Tracking Number Reconciler
Match every shipped order to its carrier tracking number, surface the untracked orders and orphan tracking numbers, and let ops review and approve the fix before anything closes - so nothing ships into a black hole.
A team tool that reconciles shipped orders against carrier tracking, lists untracked orders and orphan tracking numbers, and produces a clean reconciled report plus an exception queue once ops approves the resolution.
Before you start
- A free Supabase account
- A free Vercel account
- A free Resend account (for the exception alerts)
- A CSV of orders marked shipped, and a carrier tracking export (or API access if you have it)
The problem this kills
A customer emails: "Where's my order?" You check the system. It says shipped.
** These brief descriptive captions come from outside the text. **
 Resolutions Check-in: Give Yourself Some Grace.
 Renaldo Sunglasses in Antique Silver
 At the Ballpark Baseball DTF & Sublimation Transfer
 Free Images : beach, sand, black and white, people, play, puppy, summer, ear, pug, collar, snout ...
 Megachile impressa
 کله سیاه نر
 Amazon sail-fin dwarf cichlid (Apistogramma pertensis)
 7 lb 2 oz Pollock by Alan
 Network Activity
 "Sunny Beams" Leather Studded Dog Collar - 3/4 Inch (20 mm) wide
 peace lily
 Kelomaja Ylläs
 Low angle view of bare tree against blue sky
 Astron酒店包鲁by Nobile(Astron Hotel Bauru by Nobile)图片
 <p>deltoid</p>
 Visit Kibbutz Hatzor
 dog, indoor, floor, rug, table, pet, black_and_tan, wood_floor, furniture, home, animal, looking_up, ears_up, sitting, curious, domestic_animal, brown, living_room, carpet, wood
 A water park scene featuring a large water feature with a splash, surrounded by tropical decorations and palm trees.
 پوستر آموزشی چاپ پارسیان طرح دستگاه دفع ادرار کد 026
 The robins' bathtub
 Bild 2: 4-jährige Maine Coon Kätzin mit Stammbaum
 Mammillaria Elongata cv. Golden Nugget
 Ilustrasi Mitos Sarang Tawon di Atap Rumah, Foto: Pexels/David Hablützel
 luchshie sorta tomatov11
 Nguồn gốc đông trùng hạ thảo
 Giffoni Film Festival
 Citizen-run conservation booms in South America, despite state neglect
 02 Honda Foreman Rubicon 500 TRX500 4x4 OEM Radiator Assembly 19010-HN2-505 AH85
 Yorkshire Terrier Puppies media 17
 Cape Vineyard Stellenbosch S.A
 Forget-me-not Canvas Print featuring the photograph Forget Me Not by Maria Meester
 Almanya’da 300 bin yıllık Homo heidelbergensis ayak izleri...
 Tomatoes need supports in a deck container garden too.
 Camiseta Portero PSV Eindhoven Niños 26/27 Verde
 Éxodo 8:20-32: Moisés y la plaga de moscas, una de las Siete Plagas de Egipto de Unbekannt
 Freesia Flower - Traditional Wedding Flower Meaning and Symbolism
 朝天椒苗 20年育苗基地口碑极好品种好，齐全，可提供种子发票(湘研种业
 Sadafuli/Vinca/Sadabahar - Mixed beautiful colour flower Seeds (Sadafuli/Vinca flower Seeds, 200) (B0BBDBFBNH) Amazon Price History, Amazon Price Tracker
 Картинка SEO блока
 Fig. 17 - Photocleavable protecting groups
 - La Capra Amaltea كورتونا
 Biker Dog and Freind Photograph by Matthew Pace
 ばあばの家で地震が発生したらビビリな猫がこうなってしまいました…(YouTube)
But there's no tracking number on it - and nobody noticed, because shipping marks orders shipped in one place and the carrier hands back tracking numbers in another, and the two lists never actually get compared.
Meanwhile the carrier export has tracking numbers that don't match anything you can find - orphans created by a re-print, a typo in the order reference, or a label voided and re-made. Both gaps are invisible until a customer or a chargeback finds them for you.
Reconciling the two lists by hand is the kind of tedious, error-prone work that quietly eats an afternoon a week and still misses things. This tool does the matching, shows you exactly what didn't line up, and won't let a fix go through until a human signs off.
What you'll build
A small, login-protected web app where your fulfillment and customer-service team:
- Imports the orders-marked-shipped list and the carrier tracking export (CSV today, API later).
- Lets the tool match orders to tracking numbers - including fuzzy matches on order and PO references, because real data is messy.
- Sees three clean buckets: matched, untracked orders (shipped, no tracking), and orphan tracking numbers (tracking with no order).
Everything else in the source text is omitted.